If you only have time for one ancient building in Rome, make it the Pantheon. A 1,900-year-old temple that makes architects go quiet and first-time visitors stand in the middle of the floor staring at the ceiling. The story is the best one Rome tells: a building that refuses to fall down, on engineering nobody fully understands.
How the Pantheon was built
Hadrian built the Pantheon you walk into today around 125 AD, on the bones of two earlier temples that burned down. The inscription across the portico, "M. AGRIPPA L.F. COS. TERTIUM FECIT," credits Marcus Agrippa, who put up the original in 27 BC. Archaeologists are clear that Hadrian rebuilt the whole thing. He kept Agrippa's name up anyway, which reads as humility or a flex depending on the day.
The dome is the reason any of us are here. 43.3 metres across. The world's largest unreinforced concrete dome for over 1,300 years, and it still holds the record. No rebar, no steel. Roman concrete, poured with brains: heavy travertine and tufa near the base, lighter volcanic pumice up by the oculus. Five rings of 28 coffered panels take weight out of the dome and pull your eye up. The walls at the bottom are more than 6 metres thick. By the time you reach the oculus, they're down to 1.2.
The oculus
At the top of the dome, a round opening 8.7 metres across is the building's only light source. No glass, never has been. Rain falls through. The floor curves a fraction with drainage holes you'd miss if you weren't looking, which is why it isn't a puddle. On sunny days, a beam of light tracks across the walls like a spotlight that forgot to hurry. At noon on April 21, the traditional founding date of Rome, the beam lands on the entrance doorway. Was that intentional? The Romans never wrote it down, but I choose to believe it. The oculus also earns its keep structurally: a solid dome this size would be heavier and crack at the crown. The hole takes the stress off the weakest point.
Raphael's tomb and what else is inside
There are several important tombs in the Pantheon. The one most visitors look for is Raphael's. He died in 1520 at 37, which still hurts to type. Find his tomb in the third niche on the left, behind a Madonna sculpture by Lorenzetto. The Latin inscription translates as: "Here lies Raphael, by whom Nature feared to be outdone while he lived, and when he died, feared she herself would die." It's the most moving epitaph in Rome. Two Italian kings rest here too (Vittorio Emanuele II and Umberto I), along with the painter Annibale Carracci.
See the Pantheon with a local guide
The Pantheon is a key stop on our morning Classic Rome tour. Our guides explain the engineering secrets and hidden details you'd miss on your own.
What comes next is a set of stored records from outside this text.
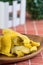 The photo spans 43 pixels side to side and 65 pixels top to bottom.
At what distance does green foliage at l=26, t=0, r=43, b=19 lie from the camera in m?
1.04

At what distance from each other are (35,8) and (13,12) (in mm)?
112

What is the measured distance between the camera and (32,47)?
26.0 inches

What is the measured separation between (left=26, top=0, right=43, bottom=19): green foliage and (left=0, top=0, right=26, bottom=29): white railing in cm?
3

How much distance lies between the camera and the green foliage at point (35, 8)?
1039 millimetres

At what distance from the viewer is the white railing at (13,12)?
964mm

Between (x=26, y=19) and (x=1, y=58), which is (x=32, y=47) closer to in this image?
(x=1, y=58)

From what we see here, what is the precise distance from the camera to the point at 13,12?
100 centimetres

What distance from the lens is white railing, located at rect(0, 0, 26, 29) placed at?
96 centimetres

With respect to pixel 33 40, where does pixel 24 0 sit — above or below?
above

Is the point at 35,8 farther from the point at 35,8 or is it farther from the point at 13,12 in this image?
the point at 13,12

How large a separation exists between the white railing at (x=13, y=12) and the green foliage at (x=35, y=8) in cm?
3

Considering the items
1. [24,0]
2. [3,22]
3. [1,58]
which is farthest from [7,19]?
[1,58]

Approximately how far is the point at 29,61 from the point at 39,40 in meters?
0.09

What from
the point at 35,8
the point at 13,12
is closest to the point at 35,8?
the point at 35,8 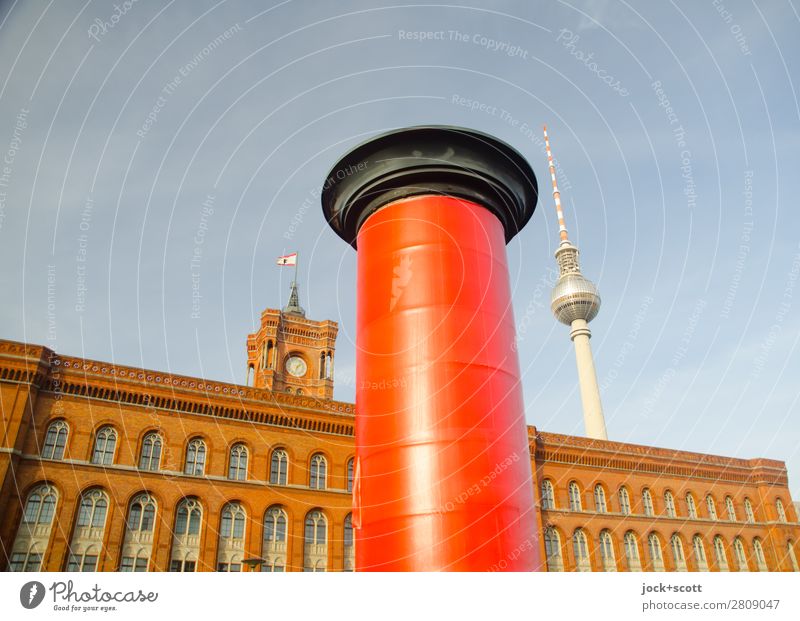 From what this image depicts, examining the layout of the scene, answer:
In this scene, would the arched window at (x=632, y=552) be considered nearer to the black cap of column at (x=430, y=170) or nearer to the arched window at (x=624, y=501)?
the arched window at (x=624, y=501)

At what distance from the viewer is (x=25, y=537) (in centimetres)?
2447

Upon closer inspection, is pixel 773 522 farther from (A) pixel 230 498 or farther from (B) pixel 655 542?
(A) pixel 230 498

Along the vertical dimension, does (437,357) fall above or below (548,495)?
below

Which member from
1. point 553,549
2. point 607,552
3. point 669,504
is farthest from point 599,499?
point 669,504

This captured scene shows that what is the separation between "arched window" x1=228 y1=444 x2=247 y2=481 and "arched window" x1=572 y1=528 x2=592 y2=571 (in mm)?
22648

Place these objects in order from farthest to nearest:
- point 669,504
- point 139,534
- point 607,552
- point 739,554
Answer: point 739,554
point 669,504
point 607,552
point 139,534

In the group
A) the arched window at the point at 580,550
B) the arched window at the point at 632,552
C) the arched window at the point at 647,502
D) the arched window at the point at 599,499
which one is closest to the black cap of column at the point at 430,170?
the arched window at the point at 580,550

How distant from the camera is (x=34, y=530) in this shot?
81.1 ft

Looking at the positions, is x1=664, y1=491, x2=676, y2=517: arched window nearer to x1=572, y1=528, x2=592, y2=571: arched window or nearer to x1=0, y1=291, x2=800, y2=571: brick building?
x1=0, y1=291, x2=800, y2=571: brick building

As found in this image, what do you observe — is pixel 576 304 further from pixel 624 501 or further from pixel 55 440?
pixel 55 440

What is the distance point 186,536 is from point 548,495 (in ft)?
76.3

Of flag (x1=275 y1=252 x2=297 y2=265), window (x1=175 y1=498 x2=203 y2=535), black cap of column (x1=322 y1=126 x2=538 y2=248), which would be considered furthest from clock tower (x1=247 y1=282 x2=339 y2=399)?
black cap of column (x1=322 y1=126 x2=538 y2=248)

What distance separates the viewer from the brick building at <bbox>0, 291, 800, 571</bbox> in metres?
25.5

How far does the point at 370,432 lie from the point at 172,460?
23.9 metres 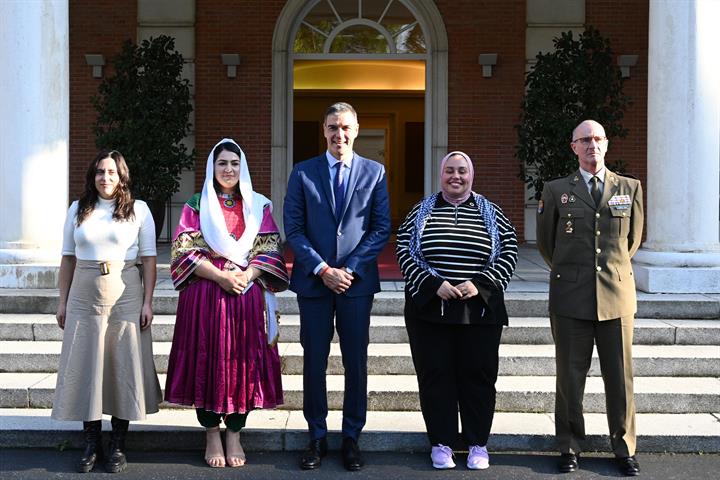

Why the Pantheon survived when other temples didn't
In the Middle Ages, builders stripped most Roman temples for parts. Marble went into new churches. Smiths melted bronze down for cannons and church furniture. The Pantheon survived because in 609 AD, Emperor Phocas handed it to Pope Boniface IV, who consecrated it as the Church of Santa Maria ad Martyres. As an active church, no quarrymen touched it. It didn't escape clean, though. In 1625, Pope Urban VIII (a Barberini, remember the name) ordered the bronze ceiling of the portico stripped to make cannons for Castel Sant'Angelo and the baldachin inside St. Peter's. The Romans, who never miss a good pun, coined the phrase "Quod non fecerunt barbari, fecerunt Barberini." What the barbarians didn't do, the Barberinis did.
Visiting the Pantheon: what you need to know
Entry now requires a timed reservation booked online through the official site, or you can chance the queue if open slots remain. Go early morning, right when it opens at 9, or late afternoon when the crowd thins and the oculus light turns gold. Midday packs in the most people, but the light beam peaks then too. If it's raining, run there. Watching rain fall through the oculus and evaporate off the warm floor is one of the strangest, best moments Rome offers. The church holds Mass on Sundays and holy days, which limits access during services. Photos are fine.
The piazza and what's around it
Piazza della Rotonda, out in front, is worth lingering in. Giacomo della Porta designed the fountain in 1575, and someone parked an Egyptian obelisk on top of it in 1711. Honest warning: the cafés on the piazza will rip you off. Beautiful view, inflated bill. Walk one street back and your espresso drops to a normal Roman price. Behind the Pantheon, the Church of Santa Maria sopra Minerva sits overlooked. Inside: a Michelangelo sculpture (Cristo della Minerva) and a Filippino Lippi fresco cycle. Most visitors walk straight past the door. A minute further and you reach Piazza di Sant'Eustachio, which many Romans (including me) will tell you serves the best coffee in the city.
Architects from Brunelleschi to the designers of the US Capitol have copied this dome. None of them beats it. Stand under the oculus, look up, and you'll see why. Nearly two thousand years in, no Roman building answers the question better.